In der Folge ersuchte sie das zuständige Departement des Kantons Genf um Übernahme der Restfinanzierung der Pflegekosten. – Dies wurde ihr mit der Begründung verweigert, dass der Kanton Genf die Restfinanzierung der Pflegekosten in einem ausserkantonalen Heim nur garantiere, wenn sich dieses in geografischer Nähe befinde; dieser Perimeter umfasse ausschliesslich die westschweizer Kantone mit Ausnahme des Kantons Wallis.
Prozess-History
Die Sozialversicherungsabteilung des Kantonsgerichts des Kantons Genf hiess die dagegen erhobene Beschwerde gut und anerkannte die Pflicht des Kantons Genf zur Übernahme der Restfinanzierung der Pflegekosten. Der Kanton Genf gelangte ans Bundesgericht, das die Beschwerde abweist und den Entscheid des Kantonsgerichts bestätigt.
Erwägungen
Das Verfahren betraf die Pflicht des Kantons Genf zur Übernahme der Restfinanzierung der Pflegekosten im Sinne von Artikel 25a Absatz 5 des Bundesgesetzes über die Krankenversicherung (KVG, in der seit dem 01.01.2019 geltenden Fassung).
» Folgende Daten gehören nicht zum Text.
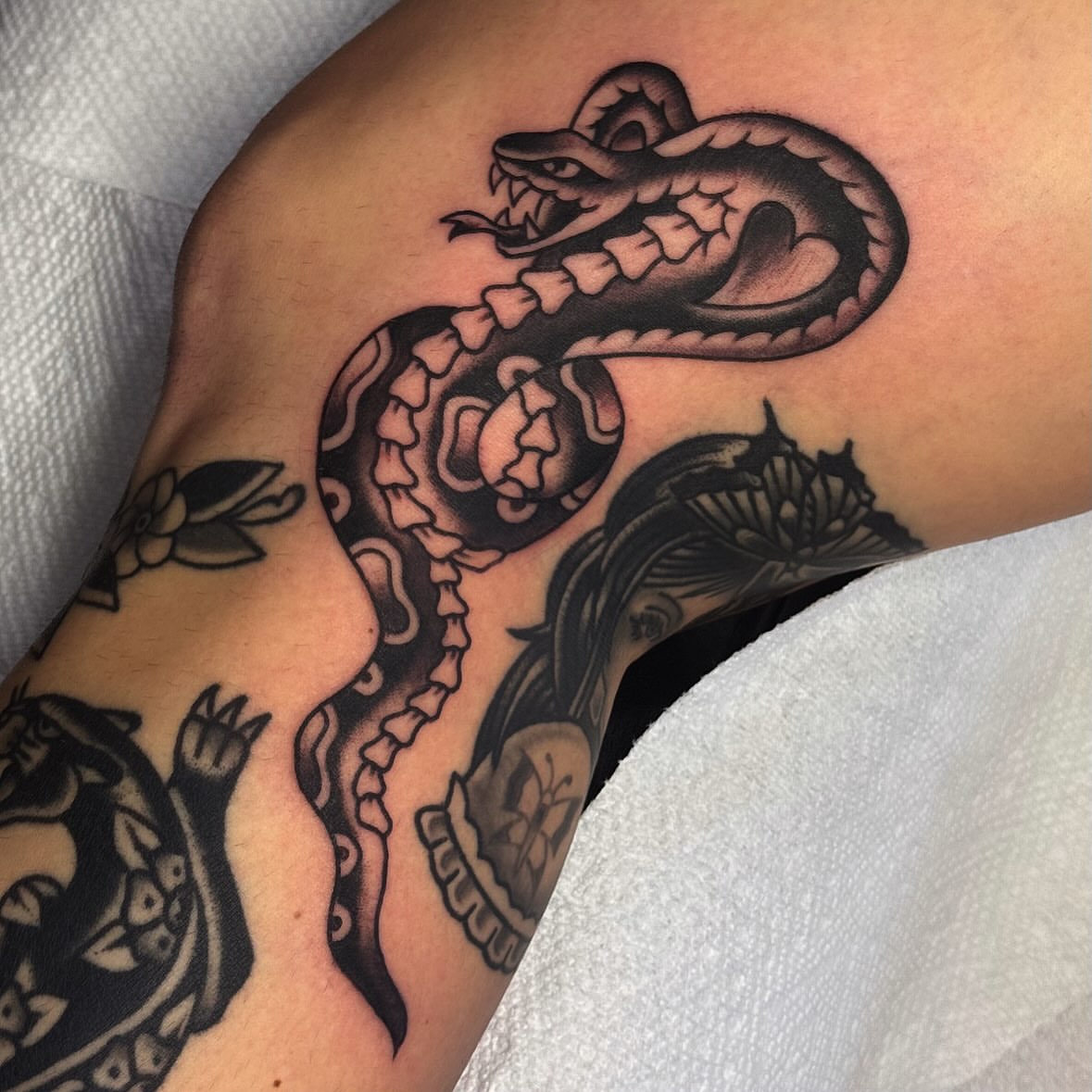 Snake American traditional tattoo on the forearm by Larry Love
Aus den Gesetzgebungsarbeiten ergibt sich, dass
- die Regelungen zur Bestimmung des Betrags der Restfinanzierung beim Aufenthalt in einem Pflegeheim ausserhalb des Wohnsitzkantons zu Diskussionen Anlass gaben;
- die Zuständigkeit des Wohnsitzkantons zur Festlegung und zur Übernahme der Restfinanzierungskosten nie umstritten war.
- bei einem Aufenthalt in einem Pflegeheim ausserhalb des Wohnsitzkantons dieser grundsätzlich seine eigenen Regeln zur Bestimmung der Höhe der Restfinanzierung anzuwenden habe.
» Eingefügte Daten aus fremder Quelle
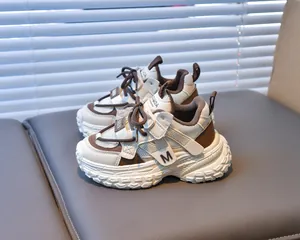 Detail view of children's mesh sneakers with thick non-slip soles and velcro closure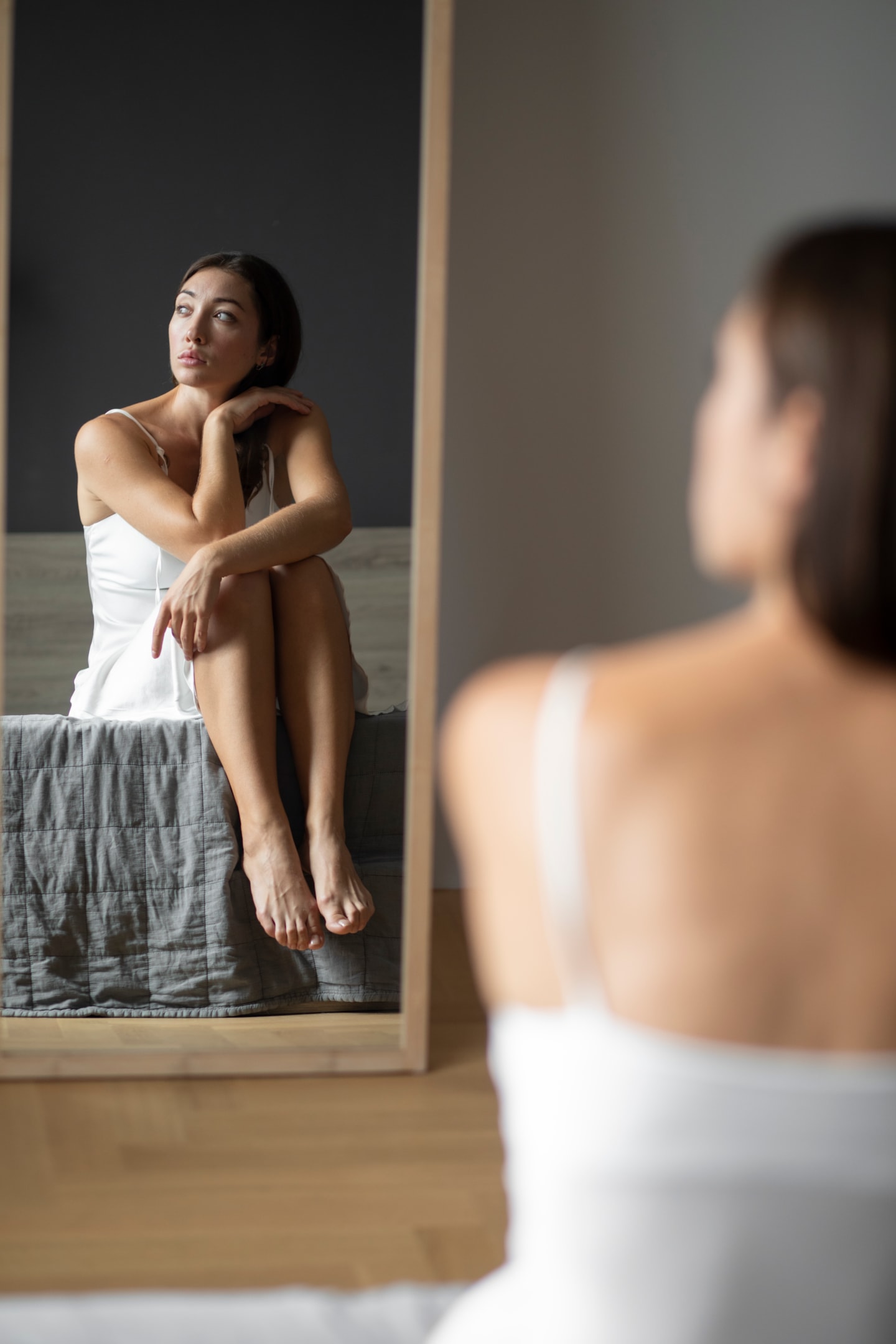 Reflection of a woman in a white dress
- der Wohnsitzkanton demgegenüber die Restfinanzierung nach den Regeln des Standortkantons des Pflegeheims, wenn der versicherten Person bei der Aufnahme im ausserkantonalen Pflegeheim kein Platz in einer Pflegeeinrichtung nahe ihres Wohnsitzes angeboten werden könne.
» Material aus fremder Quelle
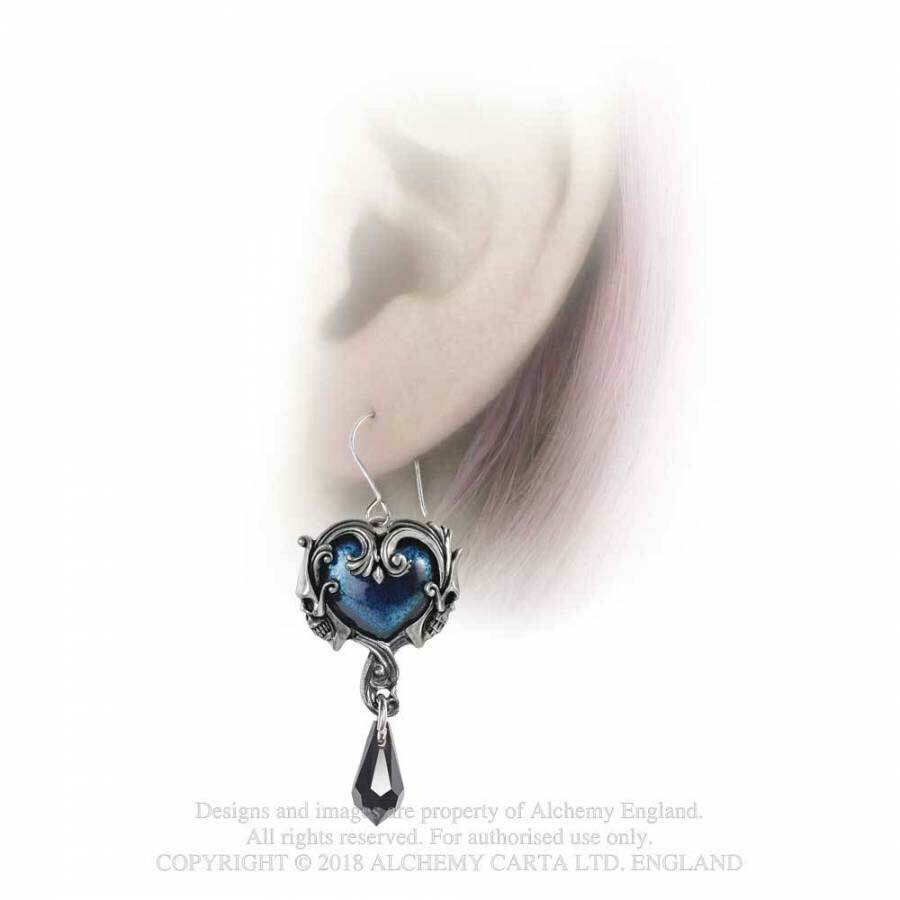 Heart-shaped earring with blue design worn on an ear against a white background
Laut BGer kann daher nicht davon ausgegangen werden, dass im Falle eines Aufenthalts in einem ausserkantonalen Pflegeheim der Wohnsitzkanton nicht zur Übernahme der Restfinanzierung der Pflegekosten verpflichtet wäre.
Wie das Kantonsgericht des Kantons Genf mithin zu Recht festgehalten hatte, ergibt sich eine solche Interpretation
- weder aus dem Wortlaut von Artikel 25a Absatz 5 KVG,
- noch aus dessen Zweck.
Mit der Norm sollte vielmehr sichergestellt werden, dass die Restkosten der Pflege, d.h. also die Gesamtheit der nicht von der obligatorischen Krankenpflegeversicherung und von der versicherten Person selber getragenen Kosten, durch die öffentliche Hand übernommen werden, nämlich vom Kanton – oder falls von diesem so festgelegt – auch von den Gemeinden.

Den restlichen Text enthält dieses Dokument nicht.